KARL GERSTNER MAPPED THE DESIGN PROCESS INTO AN “ORGANIZED INVENTORY OF POSSIBILITIES,” RECOGNIZING THE POTENTIAL IMPACT OF COMPUTATION UPON GRAPHIC DESIGN.1 He followed intellectually on the heels of Max Bill and Paul Lohse, applying Swiss style concepts at his successful agency Gerstner + Kutter in Basel, Switzerland—founded in 1959 with public relations specialist Markus Kutter—while exploring concrete art in his personal work. He thrived on the intensity of agency life, working for clients such as Geigy, IBM, and Ford. In 1964, the same year that IBM announced its popular mainframe computer System/360, Gerstner wrote Designing Programmes: Instead of Solutions for Problems, Programmes for Solutions. In 1974 he published Compendium for Literates: A System of Writing. Both books use astrophysicist Fritz Zwicky’s morphological method to construct a systematic approach that catalogs all possible variables.
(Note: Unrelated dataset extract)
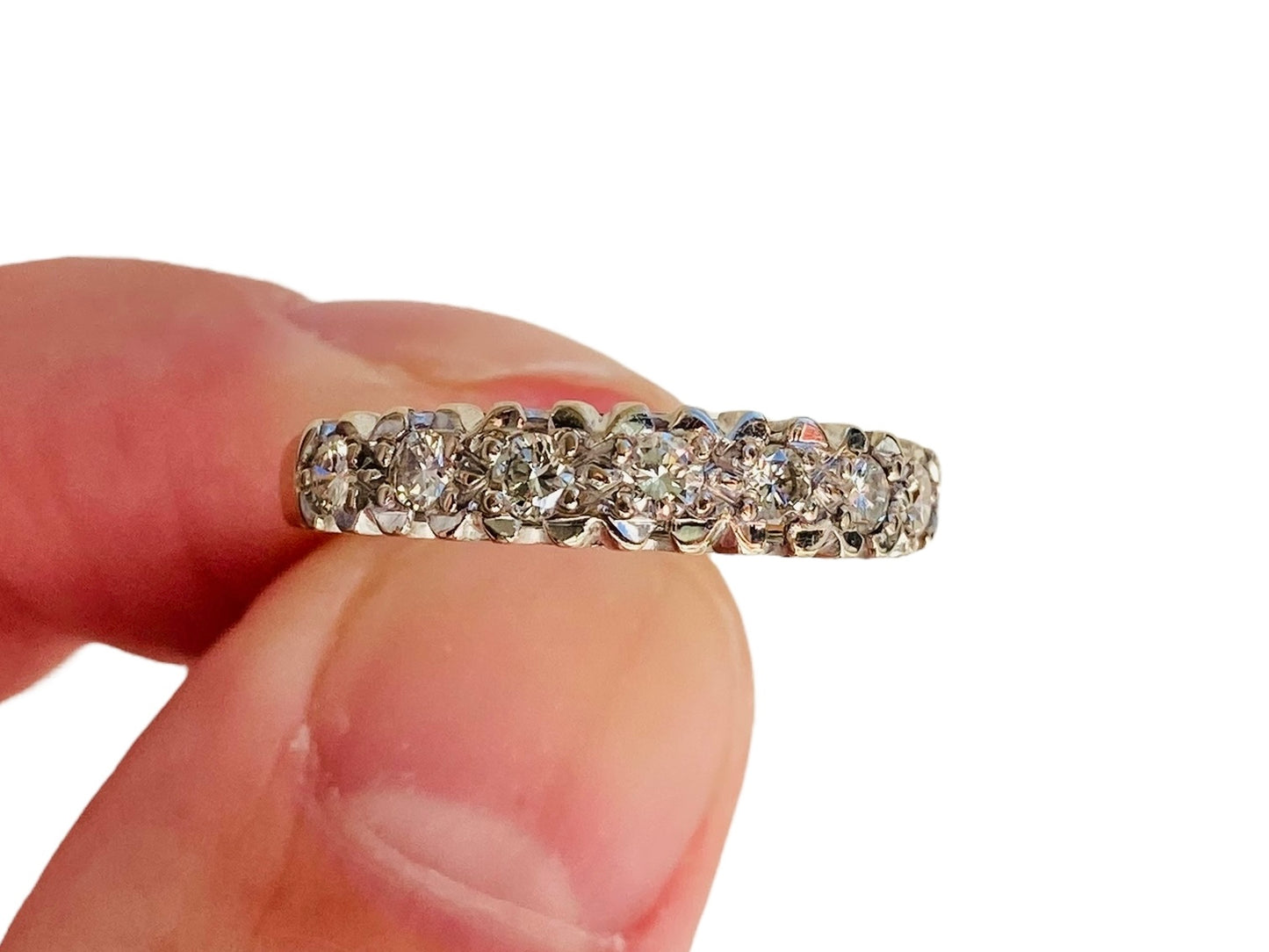 Vintage 18ct Gold Seven-Stone Diamond Ring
As Gerstner explains, “The process of designing is reduced to an act of selection: crossing and linking parameters.”2 The simplicity and order of Swiss style typography, the mathematical precision of concrete art, and an understanding of procedural literacy—Gerstner drew on all these ideas just as mainframe computing began to permeate the larger creative culture.

image

MORPHOLOGICAL BOX Diagram accompanying “Programme as Logic” in Gerstner’s Designing Programmes. As he explains, “It contains the criteria—the parameters on the left, the relative components on the right—following which marks and signs are to be designed from letters. The criteria are rough. As the work proceeds, of course, they are to be refined as desired.”

image

image

1 Blurb on the dust jacket of the first edition of Karl Gerstner, Compendium for Literates: A System of Writing (Cambridge: MIT Press, 1974).

2. Quoted by Manfred Kroplien in his foreword to Karl Gerstner, Review of 5x10 Years of Graphic Design etc. (Ostfildern-Ruit, Germany: Hatje Cantz, 2001).